За долгие годы люди уже привыкли не обращать внимания на особняк сестер Шакиль, и только к вечеру заметили и возгласили по всей округе, что парадная дверь распахнута — такого не припомнят даже старожилы. Значит, случилось нечто из ряда вон выходящее. Почти никто не удивился, увидев лужу застывшей крови подле подъемника. Долго стояли люди перед открытыми дверьми, не решались не то что войти, даже заглянуть в дом, хотя и изнывали от любопытства. Вдруг, как по беззвучной команде, все разом ринулись к входу: сапожники и нищие, газодобытчики и полицейские, молочники, банковские служащие, женщины прямо верхом на осликах, мальчишки с обручами и палками, лоточники, акробаты, кузнецы, жены и матери— одним словом, все.
Обитель гордыни трех заносчивых матушек смиренно дожидалась своей участи, отданная во власть зевак и прохожих. Люди сами поразились вдруг проснувшейся в них ненависти к этому дому, ненависти, капля за каплей копившейся шестьдесят пять лет в недрах памяти. Круша все на своем пути, люди бросились искать старух. Такой же тучей налетает саранча. Со стен срывали старинные гобелены, и ветхая ткань прямо в руках обращалась во прах; взламывали крышки у шкатулок и находили пачки денег и кучи монет, которые давно уже не имели хождения; распахивали скрипучие двери, старые петли не держали, и двери валились на пол; переворачивали постели, вытряхивали из кухонных ящиков столовое серебро; переворачивали ванны и откручивали золоченые ножки; в поисках сокровищ вспарывали обивку диванов; а старый диван-качалку выбросили на улицу из ближайшего окна. Люди словно очнулись от колдовского сна, получили наконец объяснение старинной, долго мучившей их тайне. Потом они будут изумленно смотреть друг на друга, не веря своим глазам, и гордость будет бороться в их душах со стыдом. «Неужто это наших рук дело? — станут вопрошать они. — Ведь мы же простые люди».
Стемнело. Сестер так и не нашли.
Зато нашли тела в подъемнике. А сестры Шакиль исчезли. Больше их никто никогда не видел — как в Нишапуре, так и вообще на белом свете. Они покинули свое гнездо, но, возможно, сдержали слово: оказавшись под палящим солнцем, мигом обратились в прах и его развеяло ветром. А может, у них выросли крылья и унесли сестер на запад, к Немыслимым горам. Во всяком случае, такие сильные женщины на полпути не останавливаются. Как скажут, так и сделают.
Ночь. В комнатушке под самой крышей нашли старика. Он лежал на огромной постели под балдахином на четырех столбцах, по которым все ползли и ползли деревянные змеи. Видно, от шума он пробудился, сел на постели и угрюмо пробормотал:
— Значит, я еще жив.
Кожа была у него пепельно-серая, болезнь источила его всего, и кто он — по виду не догадаешься. Он походил на пришельца с того света, и люди испугались.
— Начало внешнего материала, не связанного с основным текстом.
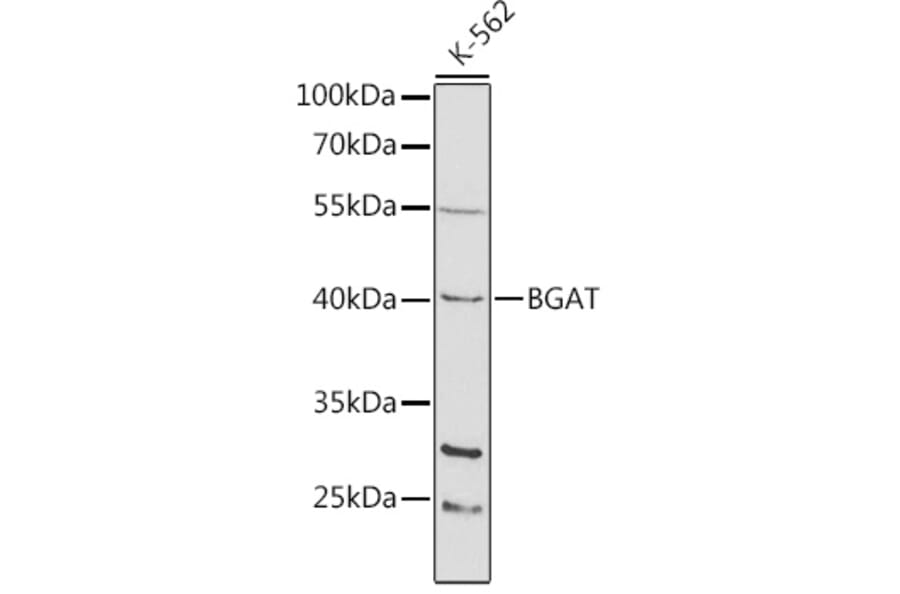Western Blot - Anti-ABO Antibody (A13526) - Antibodies.com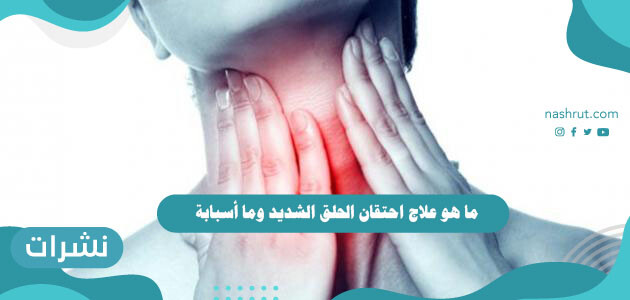 ما هو علاج احتقان الحلق الشديد وما أسبابة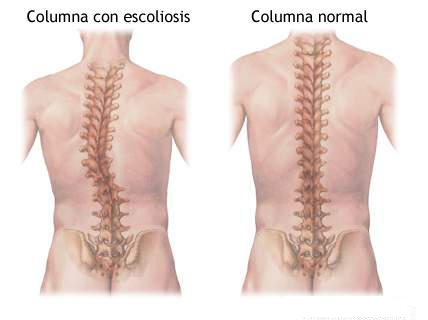 ESCOLIOSIS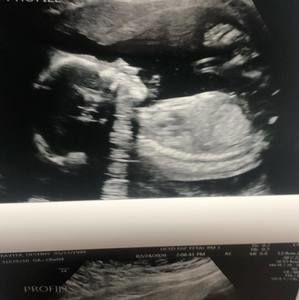 Meet your Posher, Jake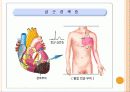 심근경색( Myocardial Infarction. MI ) CASE 4페이지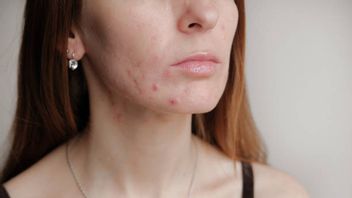 Know What Is Stress Acne And How It Is Different From Hormonal Acne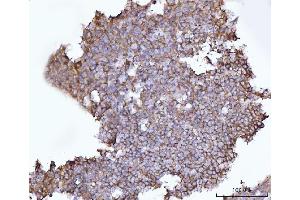 IHC analysis of SNAP23 using anti-SNAP23 antibody (ABIN7599089). (SNAP23 anticorps  (AA 1-211))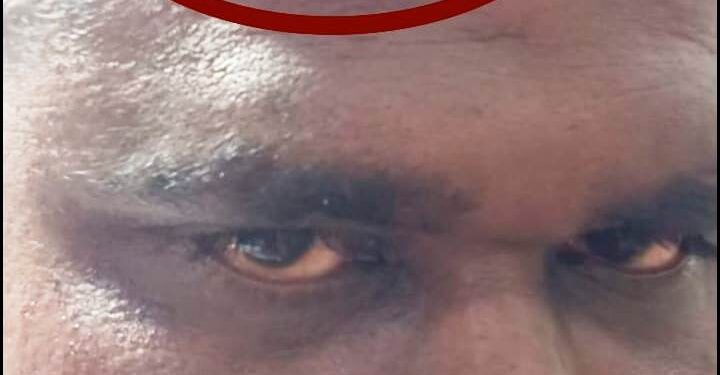 ବିଦ୍ୟାଳୟ ସନ୍ନିକଟ ସମ୍ବେଦନ ଶୀଳସ୍ଥାନରେ ବେଆଇନ୍ ବ୍ୟବସାୟୀଙ୍କ ପ୍ରତି ଚଢ଼ାଉ ହେଉନାହିଁ କାହିଁକି ..?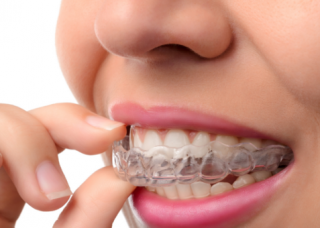 Schienenbehandlung Invisalign Erlangen Schienenbehandlung Invisalign Erlangen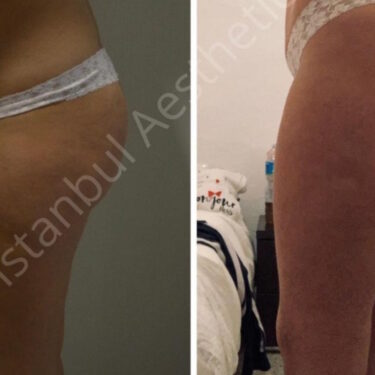 Липосакция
— Я хочу есть, — сказал он, с удивлением разглядывая незваных гостей с дешевыми электрическими фонариками и дымящимися факелами. Потом он спросил, кто они и что им надобно в его покоях. Люди попятились и поспешили убраться восвояси. А полицейским крикнули, что в этом гнездилище смерти кто-то есть, не то живой, не то мертвый — не разберешь. Сидит на постели и важничает. Полицейские поспешили было наверх, но тут на улице вдруг поднялись крики, и они бросились обратно — выяснить, в чем дело, и навести порядок. А старик поднялся с постели, облачился в серый шелковый халат, аккуратно сложенный матушками у него в ногах, хлебнул из кувшина свежего лаймового сока (лед едва растаял). Тут-то и до него донеслись крики,
Необычные то были крики. Они то поднимались до визга, то вдруг пугающе-внезапно обрывались. Скоро он понял, кто приближается к дому. Только одно существо могло оборвать крик жертвы, взглядом подчинив ее своей воле. И теперь чудовище не насытится, пока не доберется до него, Омар-Хайама; чудовище не обмануть, от него не сбежать. Оно уже несется по ночным улицам городка и его не остановить. Вот оно уже топочет по лестнице. Слышен его рев.